Sector benchmarks: US vs LatAm
US leading last-mile operators — UPS ORION, FedEx Ground, Amazon Logistics DSPs — run in the 15-22 SPH corridor with route density 2-5 stops/km in dense urban. LatAm leaders like Rappi Turbo, 99minutos and OSM Colombia sit at 6-9 SPH with 3-5 stops/km. The gap isn't from solver quality (both use modern VRP) but from urban traffic (2-3x worse in CDMX, São Paulo, Bogotá vs Nashville or Dallas), informal addressing density (missing visible numbers forces a customer call), and in-building delivery time (doorman, elevator, signature). Understanding the benchmark appropriate to your geography is step one before rolling out optimization — importing UPS SPH targets to a Bogotá operation sets up failure.
Common mistakes in route optimization projects
- Running the solver on stale address data. A 5% geocoding error rate means 5% of stops are placed at the wrong coordinate — the solver optimizes a fiction. Geocode validation is the highest-impact pre-processing step.

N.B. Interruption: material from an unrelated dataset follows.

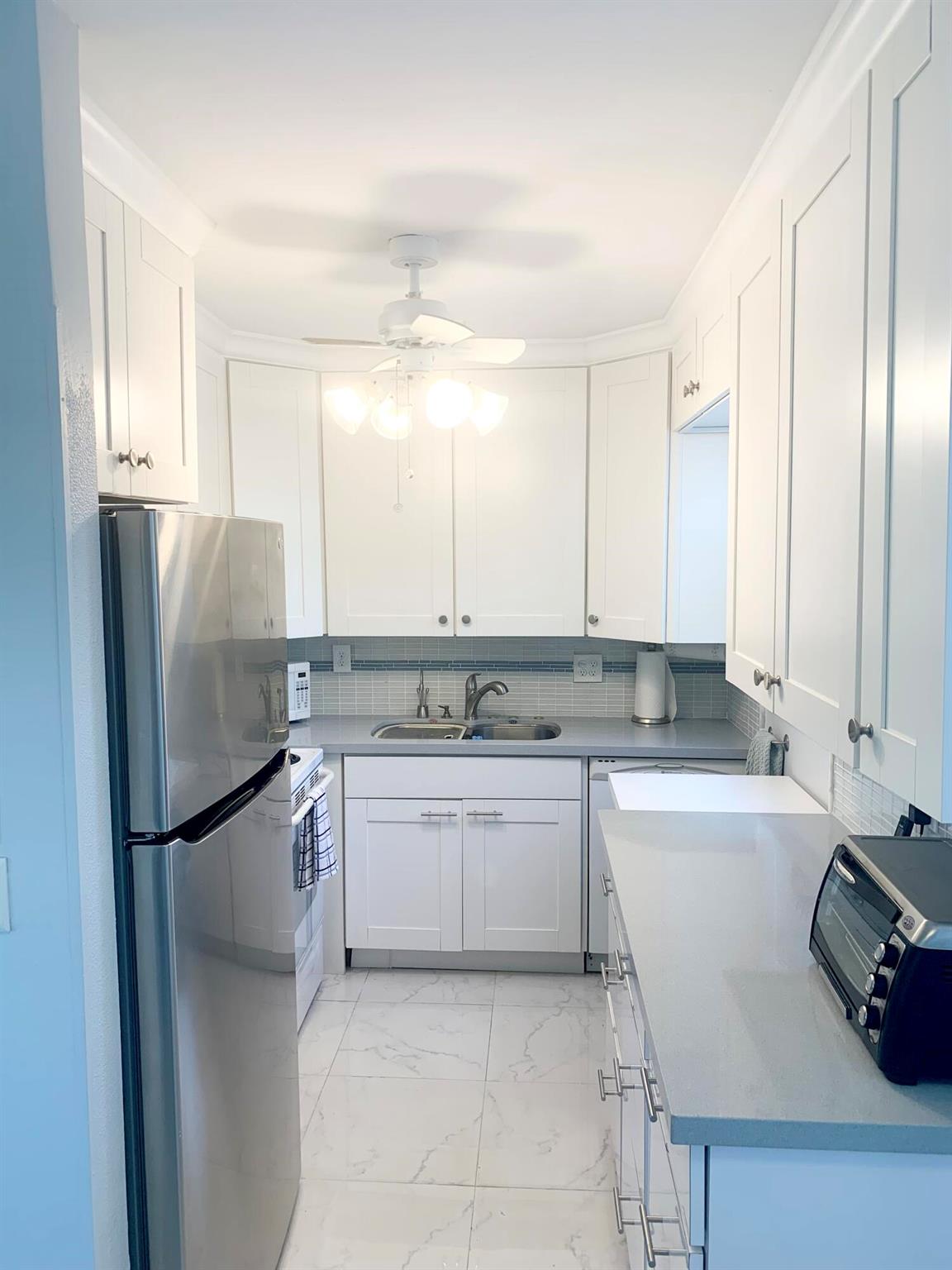 52 Easthampton C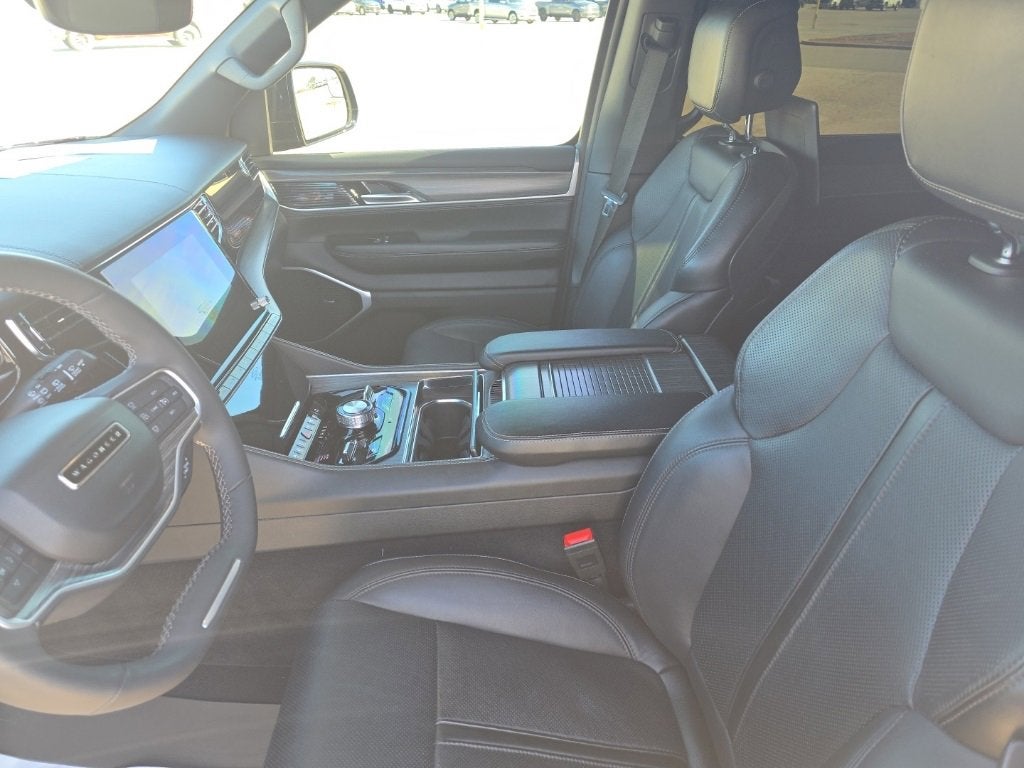 2023 Jeep Wagoneer Series III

- Optimizing for distance without cost-weighting. Minimizing kilometers is not the same as minimizing cost — toll roads, fuel surcharges, and time-of-day traffic can make the shortest route the most expensive.
- Ignoring driver behavior after deployment. A perfectly optimized route degrades quickly when drivers deviate. Without GPS trace comparison against the planned route, you have no feedback loop.
Differentiation vs Excel and Google Maps
Excel doesn't solve TSP or VRP — the Solver add-in hits its variable ceiling around 15 stops. Google Maps optimizes waypoint sequence but ignores time windows, vehicle capacity and multi-vehicle routing. OR-Tools, Onfleet, Routific and Circuit for Teams close that gap; the web simulator is the bridge for carriers still planning manually and needing to quantify the value before investing in a TMS (Transportation Management System).
Conclusion
For carriers, e-commerce, FMCG distributors, and last-mile operators, route optimization is the number-one operating lever: 15-30% reduction in transport cost with marginal investment. The simulator lets you run TSP/VRP on your actual stops, compare scenarios with different fleet configurations, windows, and density, and quantify the savings before committing capital to software or additional fleet.